Tuesday, December 11, 2012

Luke's birth narrative: living in paradox

I see Marty out and about. Wish him a Happy Chanukah. He says, Father, my sister in law had a electric knife. It could cut a turkey, every slice thin and perfect. Cost 17.95. I ask him if he’d like a cup of coffee. No thanks, I’m good. On my way out, I say, Perhaps I should say, Ah freilichen Hanukkah. He laughs at my Yiddish. Listen father (and father sounds like it only could in the Bronx, back in the day..) a man comes out of the shul down the street yesterday. They have abbreviated services on Sundays, you know? And he sees me and gives me $5. Freilichen yontuv, he says. That’s what we say for holidays...freileichen yontuf....And to you, too, Marty, I say. And he smiles.

I'm at a meeting in Harlem when I get a call from Teddy. The FBI has entered the building. They've been informed that human trafficking is going on here. Say what??? So I hurry my way there. They're gone by the time I arrive. They took  special interest in the soup kitchen in the basement. But there is no soup kitchen. They shone flashlights in every nook and cranny and crawlspace. Finally satisifed that nothiung was going on, they left. Say what??? The worst thing about incidents like this is you get to thinking aboutnwho may have made this call. And why. Not a good place to go. 

Tonight in Bible study we look at the birth narrative in Luke. We start out wit a few notes:
  • We used to believe that Luke was written around the same time as Matthew, 69-70 CE. But more recent scholarship, based on Luke’s use of Greek, the apparent social setting, etc. seem to place it in the early second century, like John.
  • Even though Luke seems to have the greatest sympathy for the poor in the gospels, the favorite of liberation  theologians, he seems to come from a higher class. Speaking to a more mixed community. Trying to sort through its relationship to the empire. Like us.
  • It may be the only gospel written to a community thinking of itself as Christian. 

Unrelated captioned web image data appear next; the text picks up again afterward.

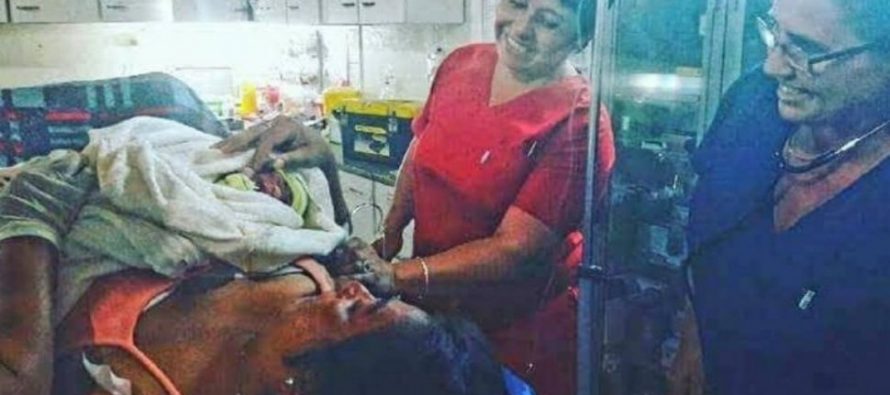 Una mujer no sabía que estaba embarazada y tuvo a su bebé en la calle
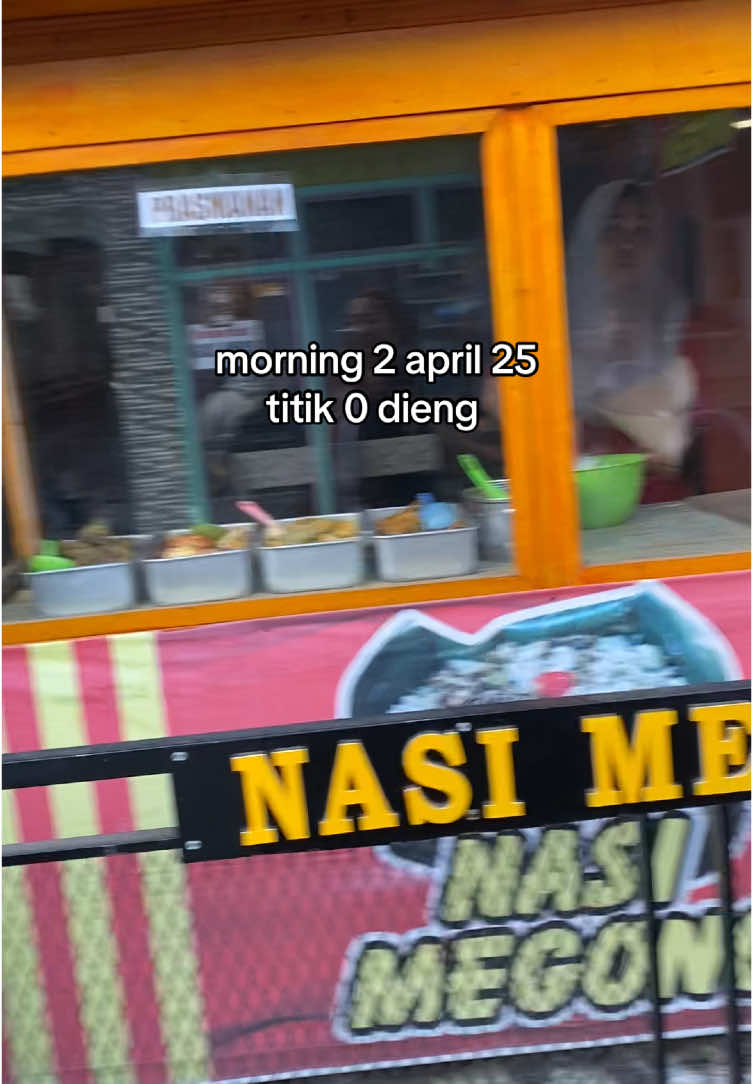 nasi megono khas dieng #nasimegono #kulinerkhaswonosobo 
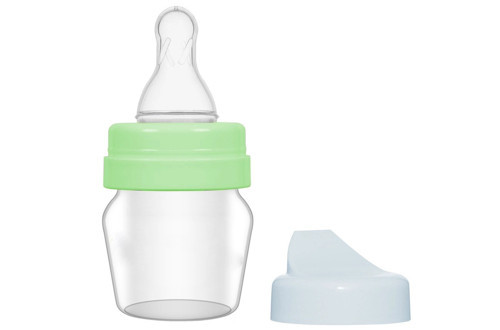 Biberon Silikon Emzik Mini Cam 30 ml - Yeşil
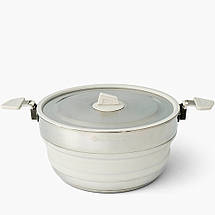 Туристична складана каструля Sea to Summit Detour Stainless Steel Collapsible Pot, 5 л (Moonstruck Grey), фото 2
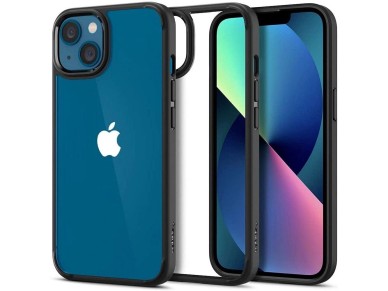 Spigen Ultra Hybrid iPhone 13 Case - Matte Black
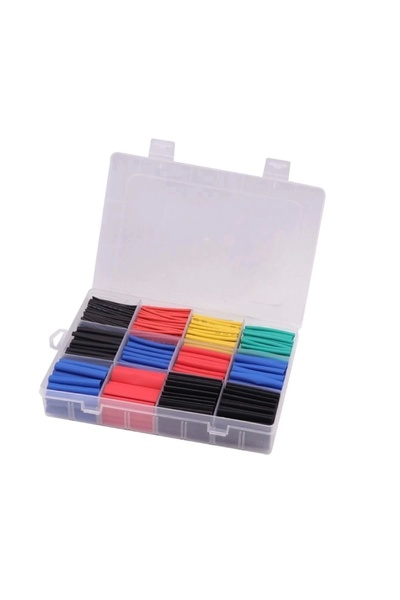 Unichrome 750 Parça Kutulu Heat Shrink Makaron Daralan Kablo Tamir Seti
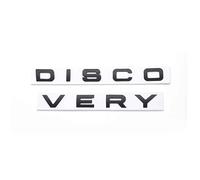 NIRBO Emblema della Copertura del Cofano del Cofano dell'auto con Lettera 3D, Lettere autoadesive per la Testa Anteriore cromata, per Land Rover Range Rover Velar Sport Discovery 2 3 4 Defender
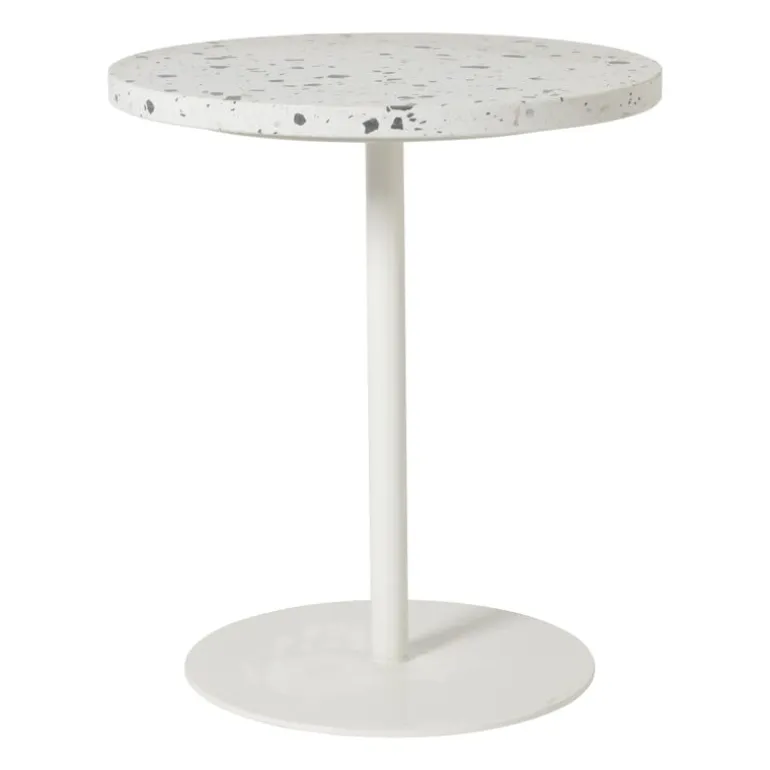 Bijzettafel Terrazzo - wit - ø40x45 cm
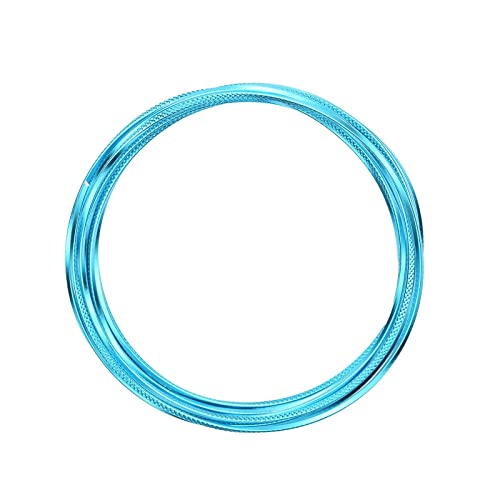 Vaessen Creative Basteldraht und Schmuckdraht 5 m x 2,8 mm x 0,5 mm Blau (Turquoise) – Dreieckig Geprägt - Flexibler Draht zum Basteln für Blumenkranz, Scmuckherstellung und Modellbau von Vaessen Creative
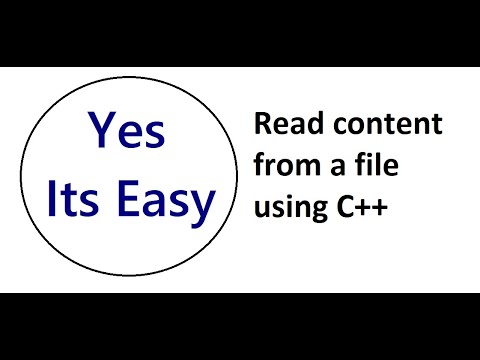 Read Content from a file using C++ | With Code Example | #Yes_Its_Easy ...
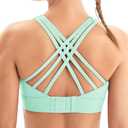 IUGA Sports Bras for Women High Support Large Bust High Impact Womens Sports Bras Strappy Padded Sports Bra Size S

We note that while Matthew constructed a story as a retelling of the Torah, Luke starts by building an elaborate family structure for Jesus.
  • Zechariah is part of the Temple elite. 
  • Something miraculous in the birth of John. 
  • Mary too receives a visitation from an angel, only she believes. 
  • Elizabeth lived in the Judean hills, Mary was a country girl from Galilee, the country cousin, so to speak.
  • Mary’s journey, unmarried, pregnant, alone, to visit Elizabeth is socially incomprehensible in her time. 
  • Elizabeth’s greeting is the Hail Mary...
  • Mary’s song, a song of reversal, of the poor replacing the rich, the rich sent empty away, riffing off Hannah’s song, is known as the magnificat.
  • After John is born, Zechariah sings his song, his voice returned after fulfilling the angel’s command to name the baby John. His song becomes the benedictus. 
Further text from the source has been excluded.